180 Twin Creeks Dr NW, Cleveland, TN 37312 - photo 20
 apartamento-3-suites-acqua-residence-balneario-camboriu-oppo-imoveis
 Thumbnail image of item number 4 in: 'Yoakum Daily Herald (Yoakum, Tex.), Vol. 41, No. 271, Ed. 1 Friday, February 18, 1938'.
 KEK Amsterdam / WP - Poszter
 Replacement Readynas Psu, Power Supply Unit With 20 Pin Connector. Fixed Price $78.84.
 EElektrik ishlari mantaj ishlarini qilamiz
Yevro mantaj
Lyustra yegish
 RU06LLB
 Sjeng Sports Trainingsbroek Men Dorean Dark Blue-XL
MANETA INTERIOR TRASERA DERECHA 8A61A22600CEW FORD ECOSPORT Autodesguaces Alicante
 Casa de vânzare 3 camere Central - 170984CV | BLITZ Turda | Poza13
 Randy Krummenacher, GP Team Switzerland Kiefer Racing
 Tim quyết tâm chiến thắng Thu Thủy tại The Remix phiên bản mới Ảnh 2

----------------------------------------

Beginning with the very first line of the material, please return exactly each line down to and including the one with "Thumbnail image of".

Output of the exercise ▸
180 Twin Creeks Dr NW, Cleveland, TN 37312 - photo 20
 apartamento-3-suites-acqua-residence-balneario-camboriu-oppo-imoveis
 Thumbnail image of item number 4 in: 'Yoakum Daily Herald (Yoakum, Tex.), Vol. 41, No. 271, Ed. 1 Friday, February 18, 1938'.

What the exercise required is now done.